WHAT THE TASK REQUIRES — Only the lines below between the ones containing "Unlocking answers to" and "Its top features", inclusive, are to be reproduced, each exactly as it stands.

DATA FOR THIS EXERCISE —
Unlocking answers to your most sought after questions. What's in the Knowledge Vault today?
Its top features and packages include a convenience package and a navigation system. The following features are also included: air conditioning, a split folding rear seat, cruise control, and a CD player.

==

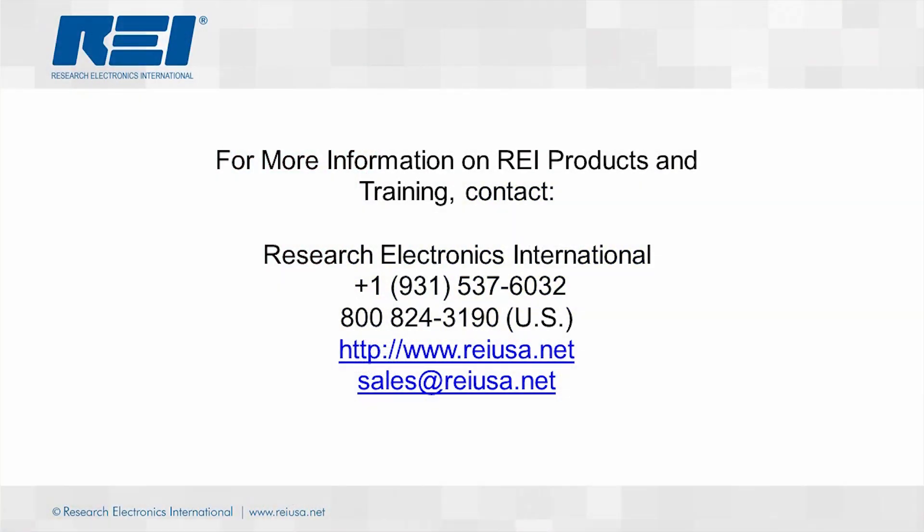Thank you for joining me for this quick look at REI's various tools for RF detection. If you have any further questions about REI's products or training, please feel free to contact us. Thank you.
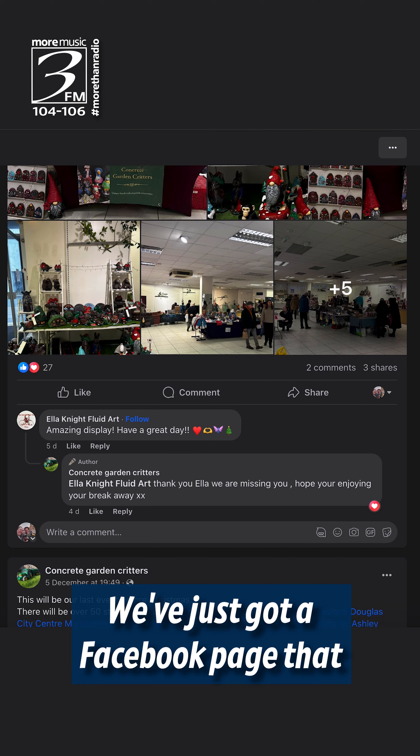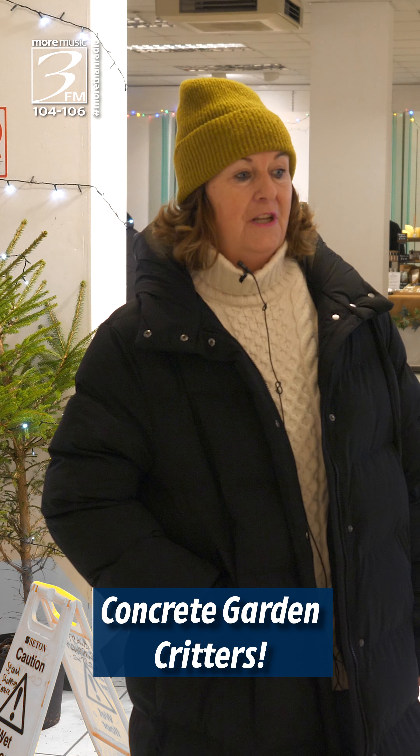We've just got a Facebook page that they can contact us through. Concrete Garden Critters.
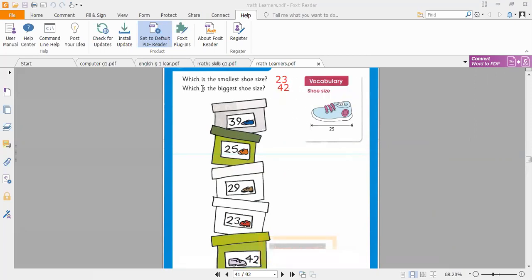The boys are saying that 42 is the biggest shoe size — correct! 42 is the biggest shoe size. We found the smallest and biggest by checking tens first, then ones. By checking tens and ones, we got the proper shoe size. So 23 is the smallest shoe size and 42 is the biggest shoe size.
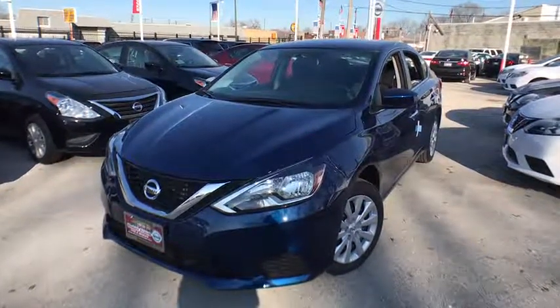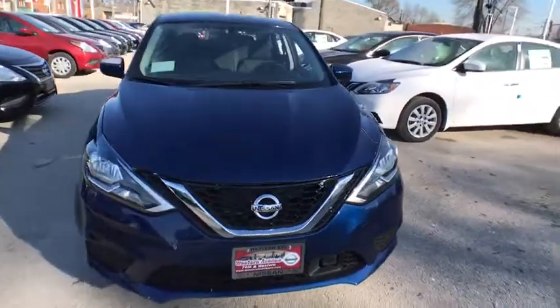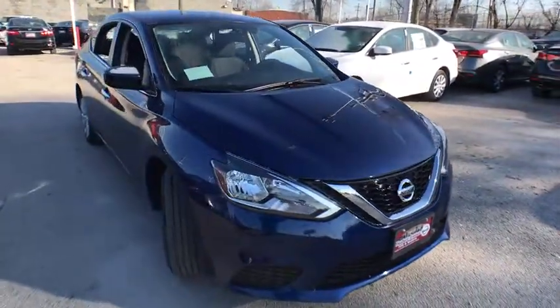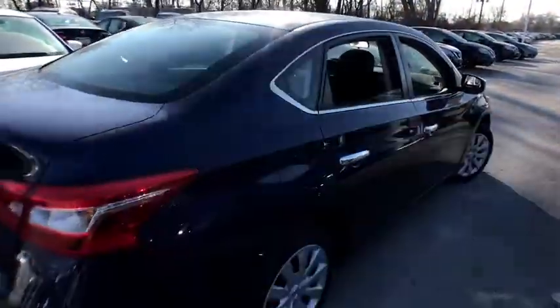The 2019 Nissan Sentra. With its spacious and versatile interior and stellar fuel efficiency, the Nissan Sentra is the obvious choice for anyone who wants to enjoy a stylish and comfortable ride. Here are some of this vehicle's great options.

---

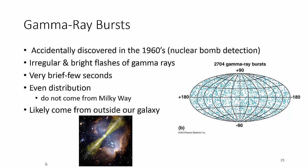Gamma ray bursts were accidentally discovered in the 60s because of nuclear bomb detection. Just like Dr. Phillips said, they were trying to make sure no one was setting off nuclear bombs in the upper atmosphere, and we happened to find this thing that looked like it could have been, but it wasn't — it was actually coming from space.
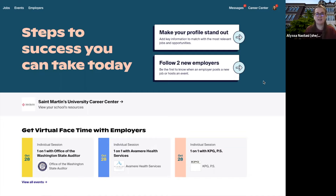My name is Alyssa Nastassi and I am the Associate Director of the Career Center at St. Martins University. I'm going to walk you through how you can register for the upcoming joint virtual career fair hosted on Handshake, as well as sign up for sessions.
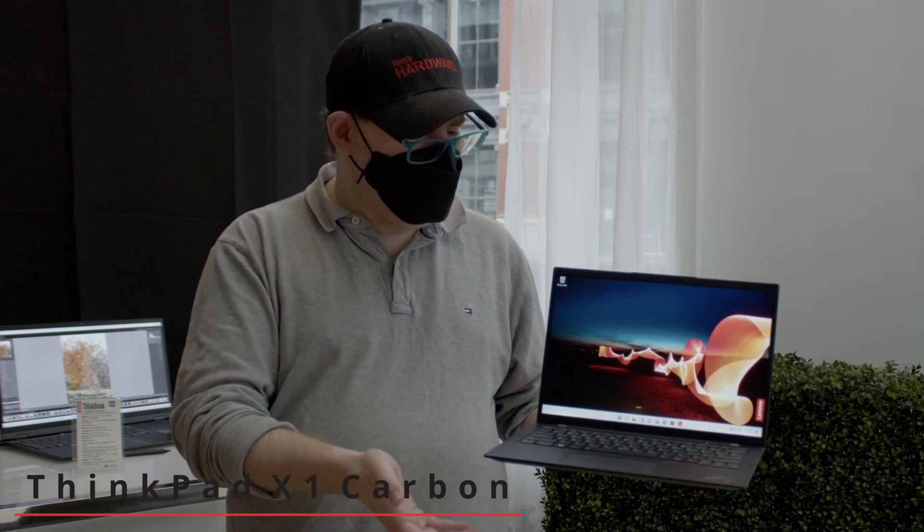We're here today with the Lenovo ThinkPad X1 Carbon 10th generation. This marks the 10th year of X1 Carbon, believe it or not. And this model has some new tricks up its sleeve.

RESPONSE TO THIS TASK —
Unlocking answers to your most sought after questions. What's in the Knowledge Vault today?
Its top features and packages include a convenience package and a navigation system. The following features are also included: air conditioning, a split folding rear seat, cruise control, and a CD player.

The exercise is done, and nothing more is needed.